One day we went to see a wonderful image. We rode out to it in jinrikishas, and we each had two ’rikisha boys to pull us. We sped along at a rapid pace, for the boys are so well trained that they make nearly as good time as a horse, and a day’s run is sometimes as much as forty miles.

We had a regular Japanese “tiffin,” or lunch, at a little Japanese inn that had a pretty garden all around it. We took off our shoes at the door just as the Japanese do, and walked across the soft, matted floor.

A screen was drawn aside for us to enter, and then closed again, leaving us in a little room. Here we all squatted on our heels, as nearly like a Japanese as our stiff muscles would let us, for, without being trained, it is hard to shut up like a jackknife.

Then pretty little Japanese girls stole in noiselessly, bringing us trays of food, one for each person, and knelt down beside us to uncover our dishes and wait on us.

In one tiny bowl was some vegetable soup, in another some rice, and in a third some fish, which was cooked for us, though to have been truly Japanese we should have eaten it raw.

Of course there was tea. Everywhere you go they give you tea in wee cups without handles; just about a thimbleful, without cream and without sugar; not at all as we drink it at home.

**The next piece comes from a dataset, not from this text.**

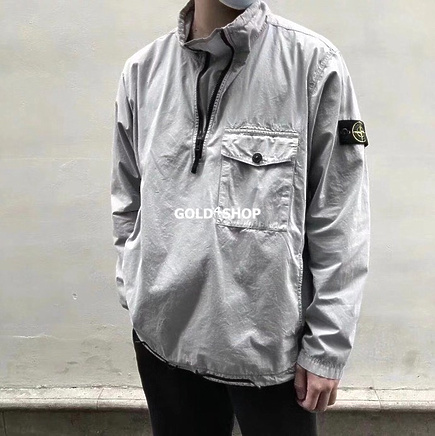 Светло-серая ветровка Stone Island с молнией на груди и патчем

But with all this feast before us, there was nothing to eat it with but two funny little chopsticks, and terrible times we had trying to manage those little sticks that serve the Japanese so well, but which seemed bewitched the minute we got them between our fingers.

After trying a long time we would get a mouthful, as we thought, firmly fixed between the chopsticks, but just as we would open our mouths to take it in, the bewitched chopsticks would give a twitch, and down the whole thing would fall again.